Segment Open
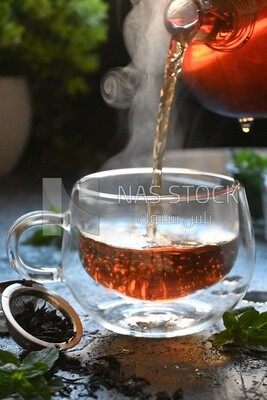 Glass kettle pouring tea from jug to cup of tea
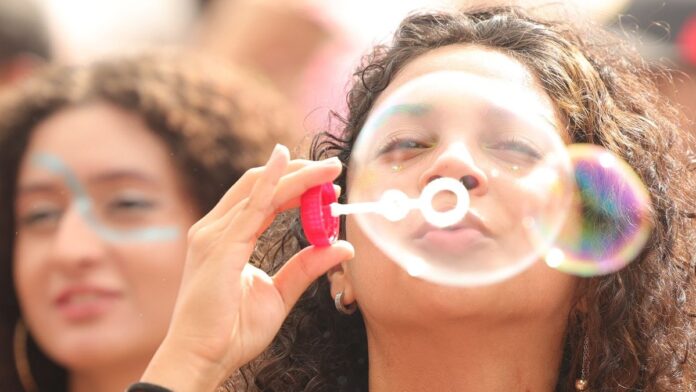 Mapa mundi com destaque no Brasil, cercado por ícones de sorrisos e bandeiras de países.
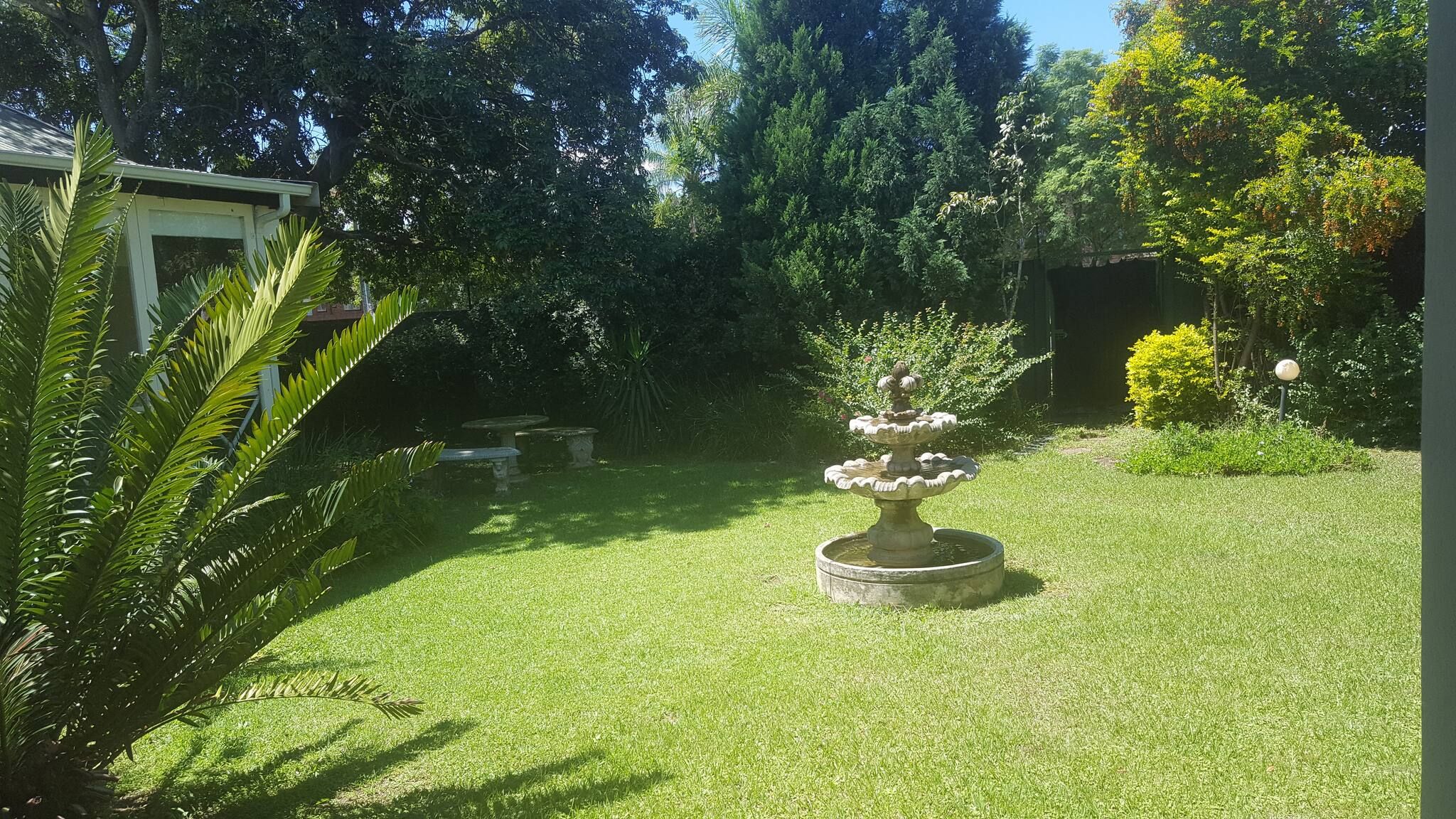 Un jardin bien entretenu, avec une fontaine centrale, entouré d’une végétation luxuriante et de diverses espèces d’arbres.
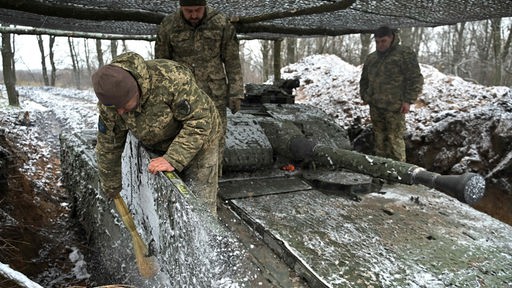 Ukrainische Soldaten beseitigen Schnee und Eis von einem Panzer (27.11.2023)
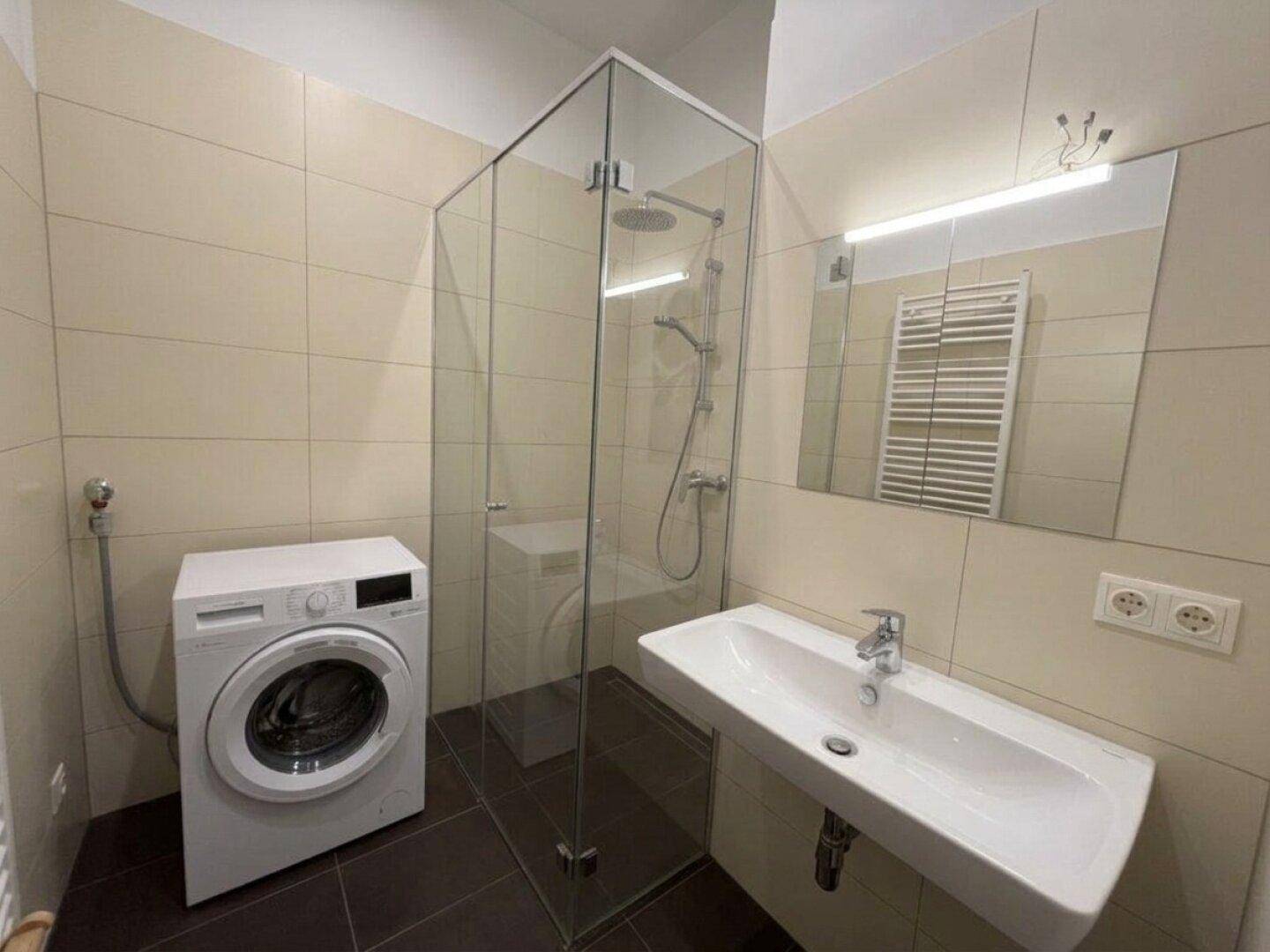 Modernes Badezimmer mit ebenerdiger Glasdusche, Waschmaschine und beheiztem Handtuchhalter.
Segment Closed
Problem statement ▸ Please repeat each record exactly and keep every picture out of the copy.

Answer for this exercise ▸
 Glass kettle pouring tea from jug to cup of tea
 Mapa mundi com destaque no Brasil, cercado por ícones de sorrisos e bandeiras de países.
 Un jardin bien entretenu, avec une fontaine centrale, entouré d’une végétation luxuriante et de diverses espèces d’arbres.
 Ukrainische Soldaten beseitigen Schnee und Eis von einem Panzer (27.11.2023)
 Modernes Badezimmer mit ebenerdiger Glasdusche, Waschmaschine und beheiztem Handtuchhalter.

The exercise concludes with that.